Il apparaît dans ce discours que l’orthographe n’aurait plus d’intérêt, la connaissance des pratiques anciennes n’ayant plus cours… En extrapolant un peu, dans la même logique, les enseignements de nos savants, de nos philosophes ou de nos encyclopédistes deviendraient par conséquent obsolètes. Il en résulterait une profonde amnésie partagée par un grand nombre, ce qui du reste est déjà fréquemment le cas aujourd’hui.

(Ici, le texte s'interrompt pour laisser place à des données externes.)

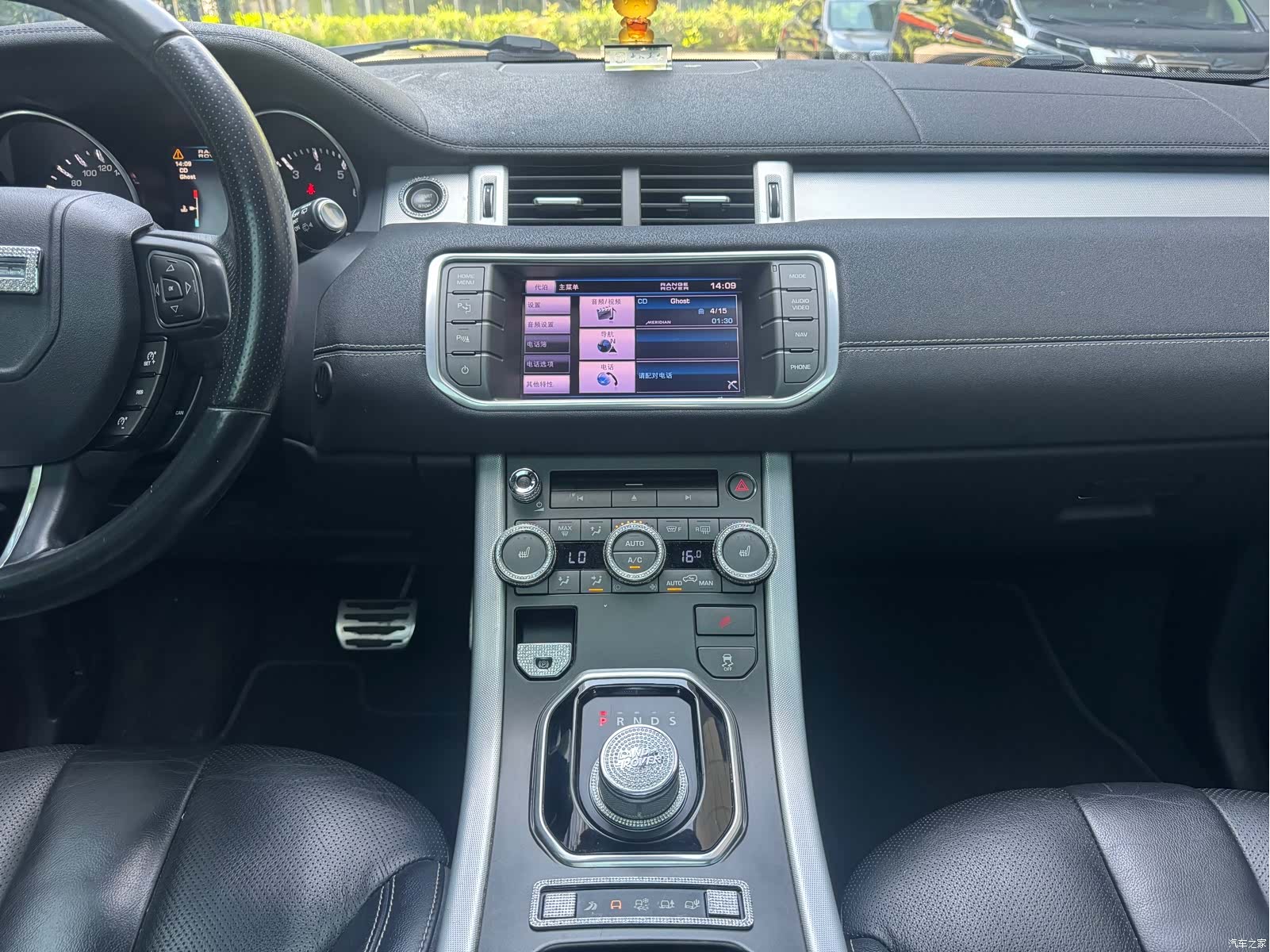 Land Rover Range Rover, 2012 19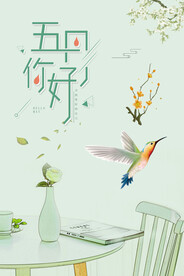 五月你好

Nous pourrions résumer cela par une espèce de stupide formule-type : « Du passé faisons table rase ». C’est une manière de dire que l’État Islamique a raison de transformer le site millénaire de Palmyre en désert de sable ! En éminent archéologue, Ralph Linton, un peu pris en otage dans cet audacieux papier, aurait fort apprécié.

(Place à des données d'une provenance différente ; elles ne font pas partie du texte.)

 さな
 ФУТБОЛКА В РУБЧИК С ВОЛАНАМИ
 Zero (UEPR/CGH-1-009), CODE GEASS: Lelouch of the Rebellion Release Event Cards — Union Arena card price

Nous sommes ici dans la négation du réel et la spéculation idéologique pure. Sans racines, il n’y a plus de vie, plus de progression, ni d’avenir.
La vision de la transmission culturelle nous est présentée comme un acte d’individu à individu, alors qu’il s’agit plutôt d’un acte collectif.
La culture comme acte collectif
Si, comme le prétendait Aristote, l’homme est bien un animal social, il s’exprime donc avec le NOUS plutôt que le JE. Mais ce NOUS ne se limite pas à l’horizontalité de nos contemporains, ni même à la verticalité de la seule génération d’avant ou d’après ; il s’inscrit dans la construction des siècles, de communautés naturelles en communautés de destin.
À l’heure où l’on ne parle que de solidarité, mais où on cherche – dans le même temps – à gommer les différences, pourtant source de la diversité de la culture, on devrait prendre conscience que nous sommes des héritiers : nous ne confondons pas culture et idéologie, cette matière que l’on prend et rejette à sa convenance. La culture est un tout que l’on reçoit sans choisir et que l’on doit s’efforcer de retransmettre, avec la certitude que celui qui reçoit affinera et partagera avec ses contemporains sa perception de la richesse culturelle dont il est solidairement le dépositaire.
Un des dangers de vouloir épargner à nos enfants la transmission la plus large possible de notre héritage culturel, serait de susciter des inégalités entre ceux qui savent et ceux qui croient (tout) savoir.